Vu les autres pièces du dossier.
Vu :
- le code général des impôts et le livre des procédures fiscales ;
- le code de justice administrative.
Les parties ont été régulièrement averties du jour de l'audience.
Ont été entendus au cours de l'audience publique :
- le rapport de Mme B...,
- et les conclusions de M. Brasnu, rapporteur public.
Considérant ce qui suit :
1. M. C... est associé à hauteur de 6,83% des parts de la société en participation (SEP) KJD Capital 59, située en Guadeloupe. Cette société, qui a pour activité l'acquisition et la fabrication de matériels neufs en vue de leur mise en location afin de faire bénéficier ses associés des réductions d'impôt régies par l'article 199 undecies B du code général des impôts, a fait l'objet d'une vérification de comptabilité portant sur l'exercice clos en 2008, à l'issue de laquelle le vérificateur a estimé que la réalité des investissements neufs déclarés pour un montant de 237 508,70 euros n'était pas établie. L'administration a donc remis en cause la réduction d'impôt pratiquée sur ce fondement par M. et Mme C... à raison de ces investissements, à proportion des parts de M. C... dans la société. Conformément à cette rectification, ils ont été assujettis selon la procédure contradictoire à une cotisation supplémentaire d'impôt sur le revenu assortie des intérêts de retard et d'une majoration de 80% pour manœuvres frauduleuses. Par un jugement du 18 juillet 2019, le tribunal administratif de Nantes a rejeté les conclusions de M. et Mme C... tendant à la décharge de cette cotisation supplémentaire. M. et Mme C... relèvent appel de ce jugement.

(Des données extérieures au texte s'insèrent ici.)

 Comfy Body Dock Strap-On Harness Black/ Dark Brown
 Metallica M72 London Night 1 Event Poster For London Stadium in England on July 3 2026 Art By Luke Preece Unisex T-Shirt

Sur la régularité du jugement attaqué :
2. Il résulte de l'instruction que, par une décision du 23 décembre 2016, postérieure à l'introduction de leur demande devant le tribunal administratif, l'administration a accordé à M. et Mme C... un dégrèvement de la majoration appliquée, soit une somme de 6 485 euros.
Le jugement attaqué n'a toutefois pas prononcé un non-lieu à statuer du fait de ce dégrèvement. Dès lors, il doit, dans cette mesure, être annulé. Il y a lieu, d'une part, d'évoquer les conclusions de la demande ainsi devenues sans objet au cours de la procédure de première instance et de constater qu'il n'y a pas lieu d'y statuer et, d'autre part, de statuer, par l'effet dévolutif de l'appel, sur le surplus des conclusions de M. et Mme C....
Sur la régularité de la procédure d'imposition :
3. En premier lieu, aux termes de l'article 10 du code général des impôts : " Si le contribuable a une résidence unique en France, l'impôt est établi au lieu de cette résidence. / Si le contribuable possède plusieurs résidences en France, il est assujetti à l'impôt au lieu où il est réputé posséder son principal établissement. ".
4. M. C... ayant sa résidence à Brain-sur-L'Authion, dans le Maine-et-Loire, c'est à bon droit que l'imposition litigieuse a été établie dans ce département et non en Guadeloupe, alors même que cette imposition était consécutive à un contrôle effectué par le centre des impôts de la Guadeloupe et que c'est ce dernier qui a établi la proposition de rectification.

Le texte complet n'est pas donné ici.